• _Collected data_:
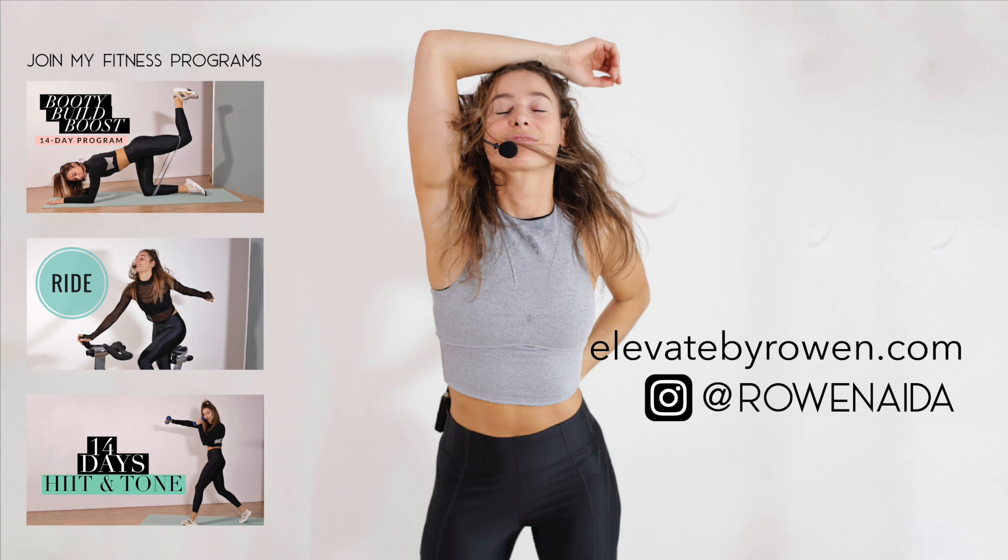Hands behind your head, opposite knee to opposite elbow, diagonal up to the sky - let's start up there. I want you to feel challenged, I want you to feel fuego, I want you to feel like this is a blast. Make it strong, make it powerful. Now bring those feet a little bit closer to the floor - as low as you can, double that pace, let's go! 20 seconds to go - this is not comfortable, I'll tell you that!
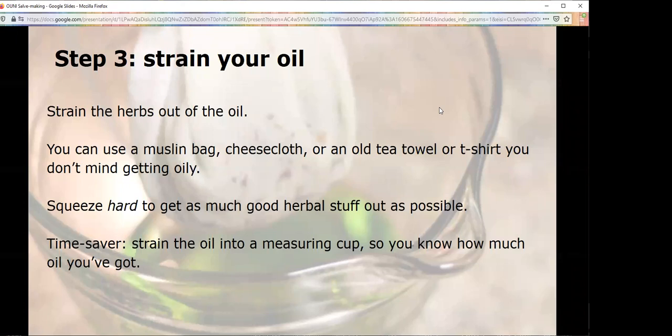Step three is to strain it. Fancy people use muslin bags — that's not true, I use muslin bags and I'm not a fancy person. They're really nice because you can dump the oil and herbs in and then squeeze the heck out of it. Because you're using dried herbs, you can do this. You just want to squeeze all that oil and all that good herbal stuff right out as much as you possibly can. If you don't have muslin bags or cheesecloth, sacrifice a t-shirt you never want to use again, or an old tea towel — it will be stained, not just by the oil but by the herbs. Strain the oil into a measuring cup, because knowing how much oil you have will help with the next steps.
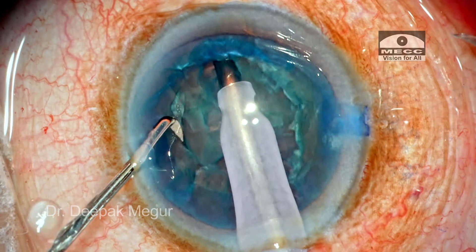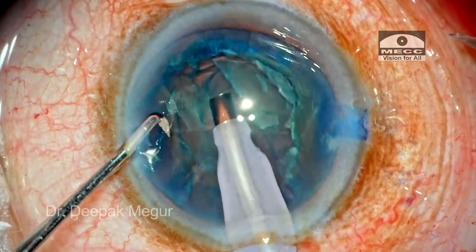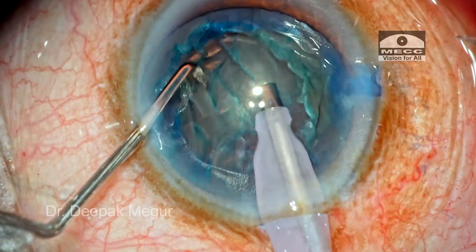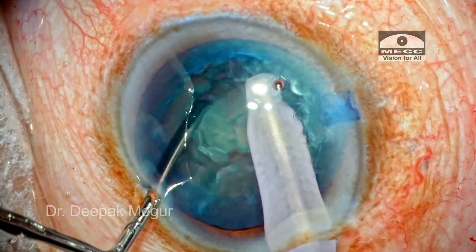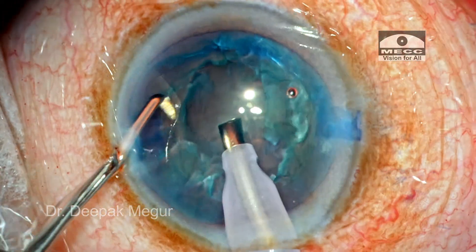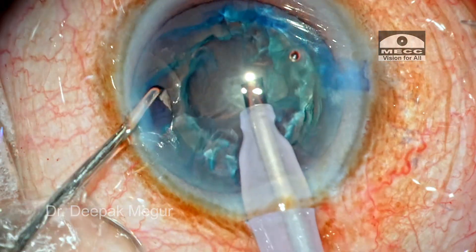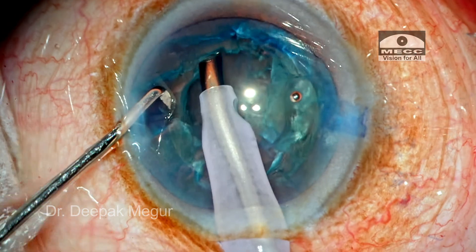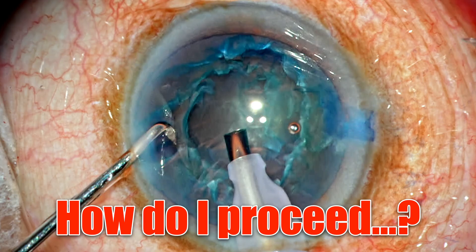At this stage, my plan is to divide the nucleus into just two pieces, remove each out of the bag, and then emulsify. The problem is when I attempt to divide, it divides but the nucleus is very crumbly — it is cheese-wiring. When I try to hold it, only part of the nucleus comes out. It is almost like I have created a bowl inside.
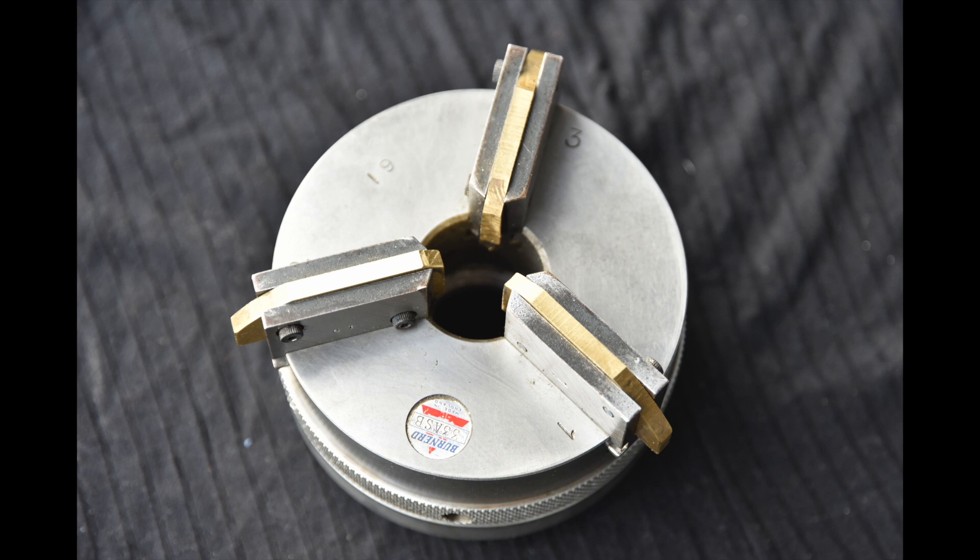Hi and welcome back to the Evan eScent channel. It's been a long hiatus as I've been away in Tennessee and I don't have a lathe here, but today I'm going to show you a soft jaw chuck that I have. It's a rare device which you probably won't come across very often, but if you do, this is a handy little device.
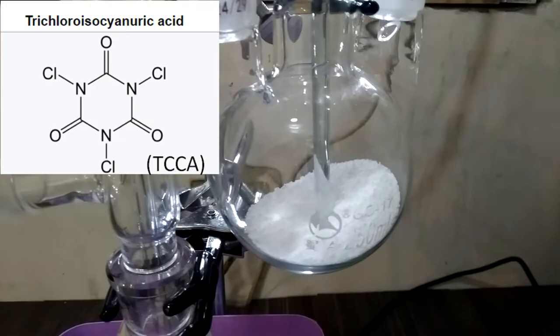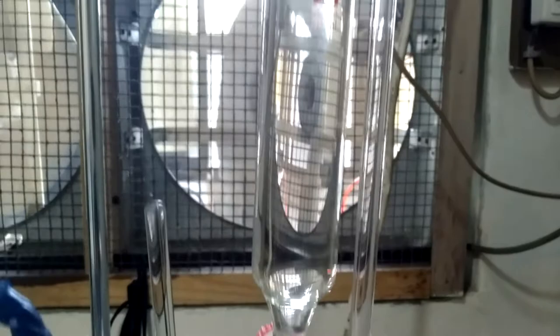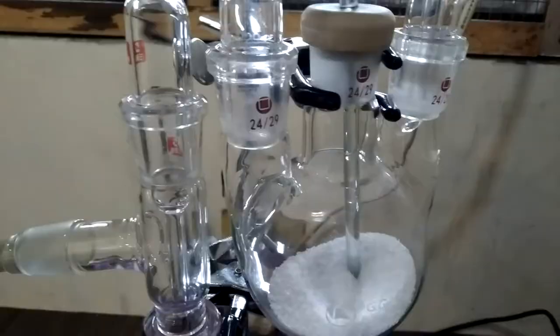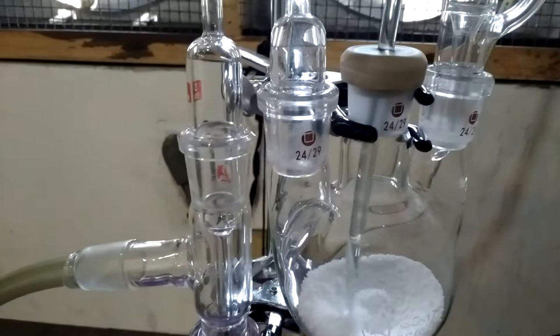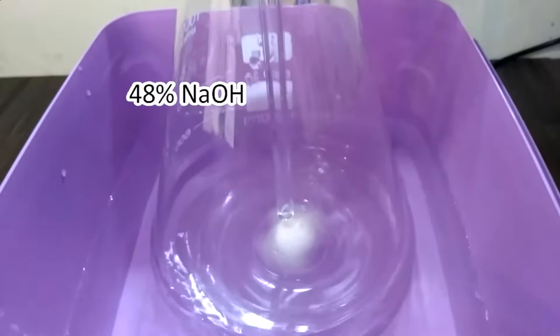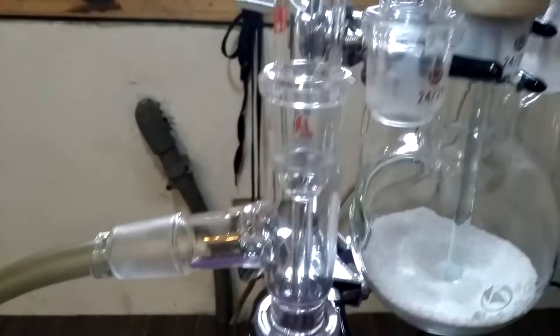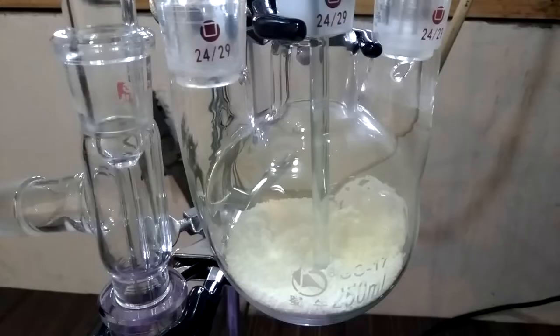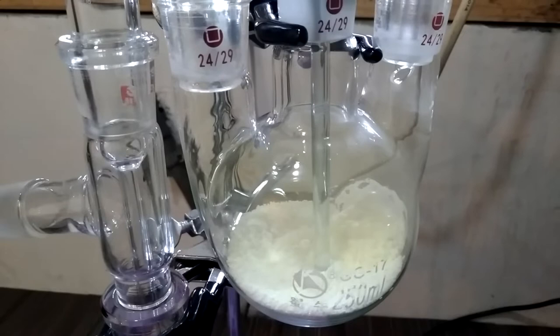Here's the setup. We have a three-neck round bottom flask with some trichloroisocyanuric acid, or TCCA, powder. In the pressure-equalized addition funnel, we have concentrated hydrochloric acid, which reacts with TCCA to produce chlorine. The glass stir rod can stir the mixture during the reaction — make sure all the TCCA powder is reacted. The chlorine gas goes through the pipe and reacts with concentrated sodium hydroxide solution to form our product. The unreacted chlorine gas is quenched by solid sodium hydroxide in a brown bottle.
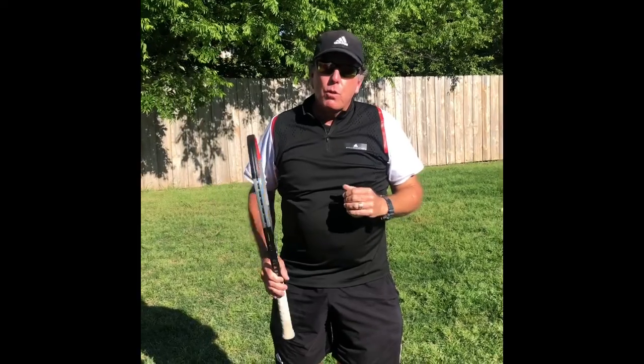You're going to go mannequin from the toss — turn into a mannequin in the trophy position until the ball bounces, and then that releases you. That's your 15-minute training today. Remember, 15 minutes a day guarantees you a better serve by the end of the week. Take a look at Caleb's example.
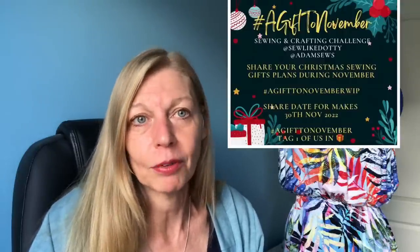The jersey has an almost airtex texture — it's a cotton. I bought it to make a rugby shirt for my son that I never got around to. Just a quick heads up: Alison, Dottie and Adam (Adam Sews on YouTube) are going to be doing a little challenge during November making gifts for people — so a polo shirt would be a good one for that.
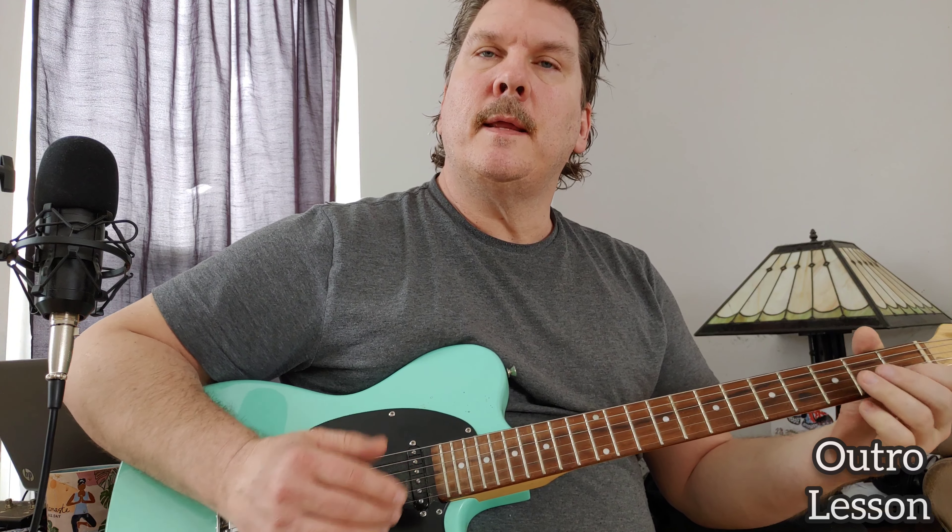So it's C, E minor, A minor, and then mostly you go to C, but at the end you go to G. Alright, so that's how you play it. Thanks for watching, have fun playing that one!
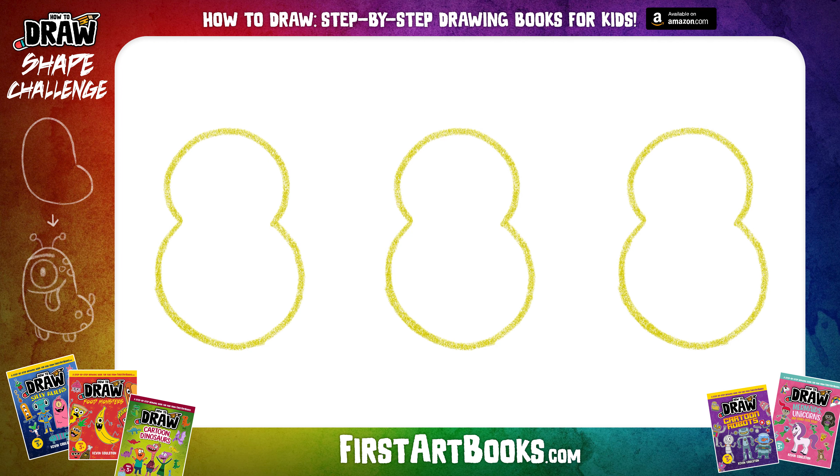Okay, to get started you're going to want to draw the shape you see on your screen three times, just like I have it here. If you need to take some time to draw these out, feel free to pause the video and then unpause when you're ready to go. You can draw with anything you want or have near you. I would suggest using a pencil because we are coming up with new ideas, we're sketching, we're creating concepts of characters, and we're probably going to make some mistakes along the way and it would be nice to be able to erase if we need to.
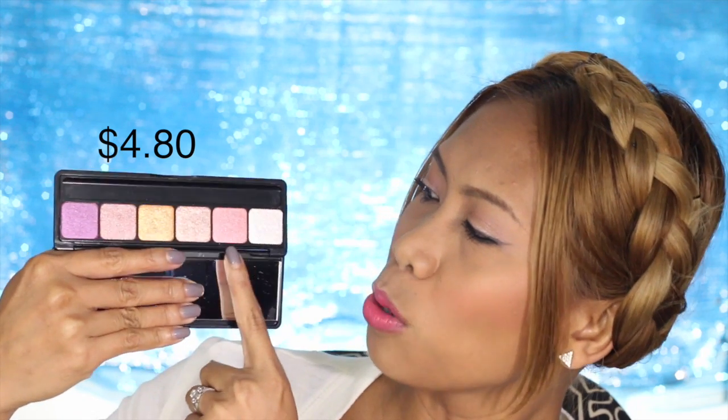I also grabbed the e.l.f. blush palette — it comes with four gorgeous shades. And this eyeshadow palette — look how gorgeous the colors are! There's a rose gold and a gold next to it that's just beautiful. I should have used it in this tutorial but I'll use it in a future one. It's very affordable and student friendly, and the quality is amazing.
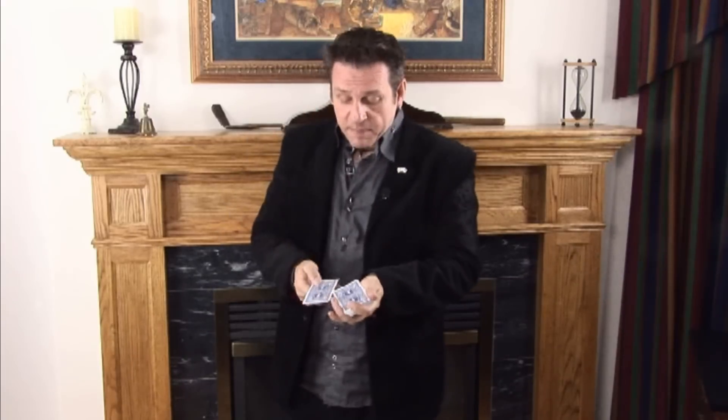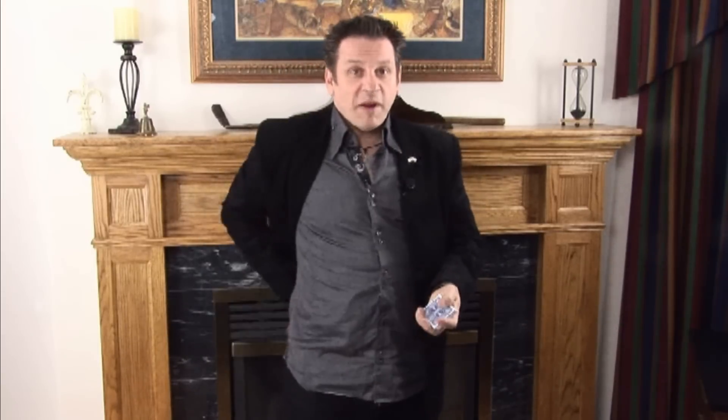Once the card has been selected, I'll place it back into the center of the deck. Now, just to be clear, it's not on the top nor is it on the bottom, which means clearly it must be somewhere in the middle. In my back pocket I have my wallet, and my wallet is very unique.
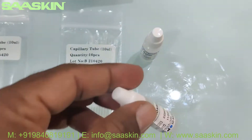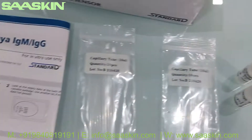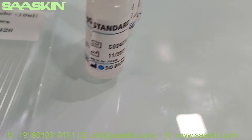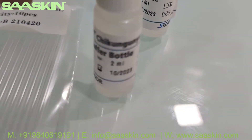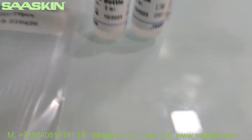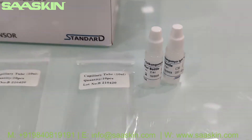And here, inside, you have two buffer bottles. The box says one buffer bottle, but they actually provide you two. These are 2 ml buffer bottles.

• _Problem_: Could you output all of the records exactly, without their pictures?

• _Output below_:
Hands behind your head, opposite knee to opposite elbow, diagonal up to the sky - let's start up there. I want you to feel challenged, I want you to feel fuego, I want you to feel like this is a blast. Make it strong, make it powerful. Now bring those feet a little bit closer to the floor - as low as you can, double that pace, let's go! 20 seconds to go - this is not comfortable, I'll tell you that!
Step three is to strain it. Fancy people use muslin bags — that's not true, I use muslin bags and I'm not a fancy person. They're really nice because you can dump the oil and herbs in and then squeeze the heck out of it. Because you're using dried herbs, you can do this. You just want to squeeze all that oil and all that good herbal stuff right out as much as you possibly can. If you don't have muslin bags or cheesecloth, sacrifice a t-shirt you never want to use again, or an old tea towel — it will be stained, not just by the oil but by the herbs. Strain the oil into a measuring cup, because knowing how much oil you have will help with the next steps.
At this stage, my plan is to divide the nucleus into just two pieces, remove each out of the bag, and then emulsify. The problem is when I attempt to divide, it divides but the nucleus is very crumbly — it is cheese-wiring. When I try to hold it, only part of the nucleus comes out. It is almost like I have created a bowl inside.
Hi and welcome back to the Evan eScent channel. It's been a long hiatus as I've been away in Tennessee and I don't have a lathe here, but today I'm going to show you a soft jaw chuck that I have. It's a rare device which you probably won't come across very often, but if you do, this is a handy little device.
Here's the setup. We have a three-neck round bottom flask with some trichloroisocyanuric acid, or TCCA, powder. In the pressure-equalized addition funnel, we have concentrated hydrochloric acid, which reacts with TCCA to produce chlorine. The glass stir rod can stir the mixture during the reaction — make sure all the TCCA powder is reacted. The chlorine gas goes through the pipe and reacts with concentrated sodium hydroxide solution to form our product. The unreacted chlorine gas is quenched by solid sodium hydroxide in a brown bottle.
You're going to go mannequin from the toss — turn into a mannequin in the trophy position until the ball bounces, and then that releases you. That's your 15-minute training today. Remember, 15 minutes a day guarantees you a better serve by the end of the week. Take a look at Caleb's example.
The jersey has an almost airtex texture — it's a cotton. I bought it to make a rugby shirt for my son that I never got around to. Just a quick heads up: Alison, Dottie and Adam (Adam Sews on YouTube) are going to be doing a little challenge during November making gifts for people — so a polo shirt would be a good one for that.
So it's C, E minor, A minor, and then mostly you go to C, but at the end you go to G. Alright, so that's how you play it. Thanks for watching, have fun playing that one!
Okay, to get started you're going to want to draw the shape you see on your screen three times, just like I have it here. If you need to take some time to draw these out, feel free to pause the video and then unpause when you're ready to go. You can draw with anything you want or have near you. I would suggest using a pencil because we are coming up with new ideas, we're sketching, we're creating concepts of characters, and we're probably going to make some mistakes along the way and it would be nice to be able to erase if we need to.
I also grabbed the e.l.f. blush palette — it comes with four gorgeous shades. And this eyeshadow palette — look how gorgeous the colors are! There's a rose gold and a gold next to it that's just beautiful. I should have used it in this tutorial but I'll use it in a future one. It's very affordable and student friendly, and the quality is amazing.
Once the card has been selected, I'll place it back into the center of the deck. Now, just to be clear, it's not on the top nor is it on the bottom, which means clearly it must be somewhere in the middle. In my back pocket I have my wallet, and my wallet is very unique.
And here, inside, you have two buffer bottles. The box says one buffer bottle, but they actually provide you two. These are 2 ml buffer bottles.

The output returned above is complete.